[Input records]
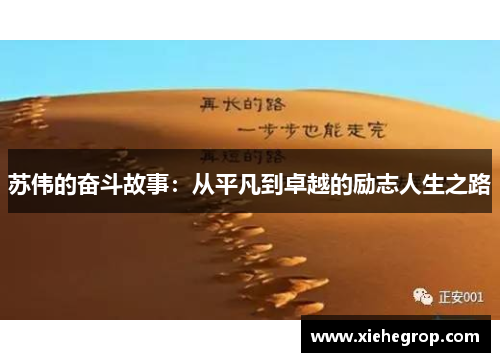 苏伟的奋斗故事：从平凡到卓越的励志人生之路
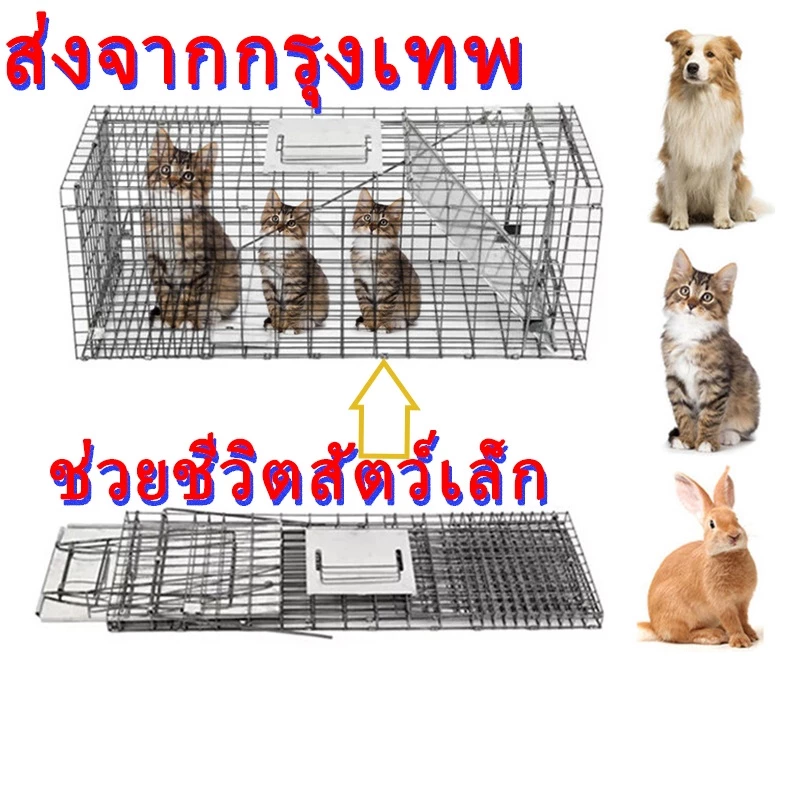 กรงดักแมว พับได้ thumbnail 3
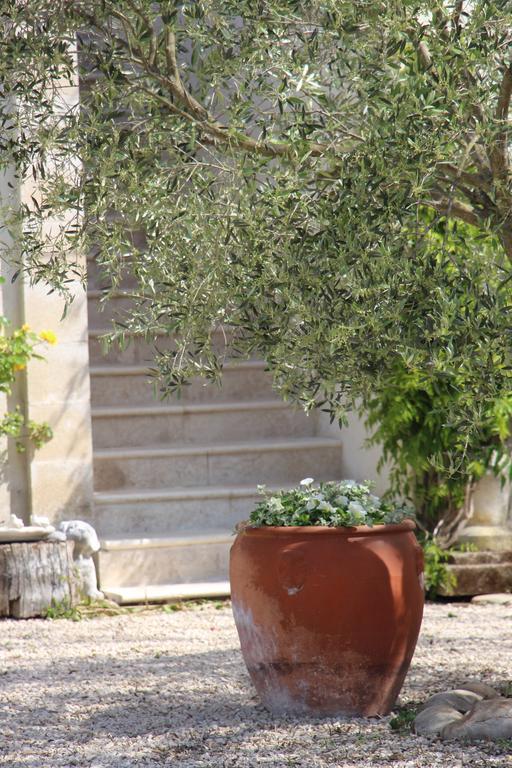 Sous Les Platanes B&B Châteaurenard Dış mekan fotoğraf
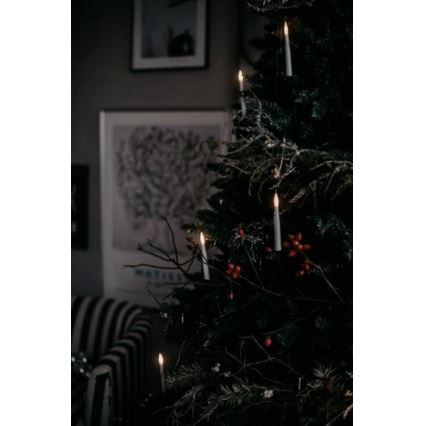 Eglo - Julgran  250 cm gran 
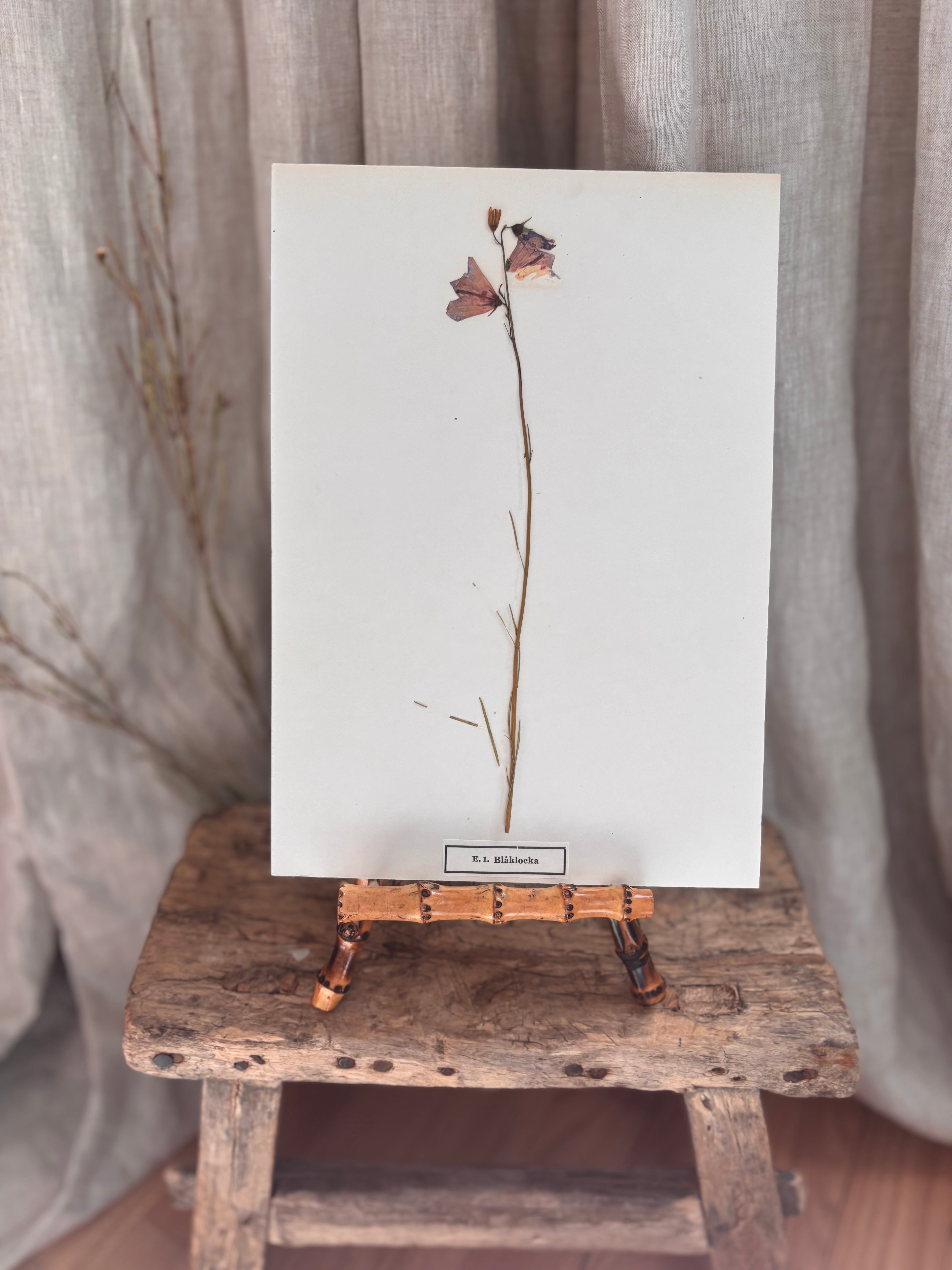 Vintage Pressed Swedish Herbarium E.1. Blåklocka (Harebell)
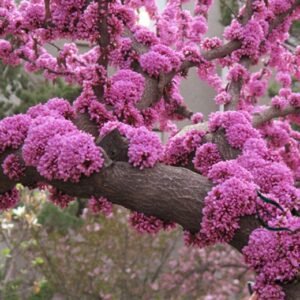 Cercis Chinensis, Chinese Redbud Seed 1000 PCS, Tree Seeds Zijing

[Your instructions]
The answer should contain only the lines from the one with "Vintage Pressed Swedish" through the last line of the material, given word for word and without pictures.

[Your response]
 Vintage Pressed Swedish Herbarium E.1. Blåklocka (Harebell)
 Cercis Chinensis, Chinese Redbud Seed 1000 PCS, Tree Seeds Zijing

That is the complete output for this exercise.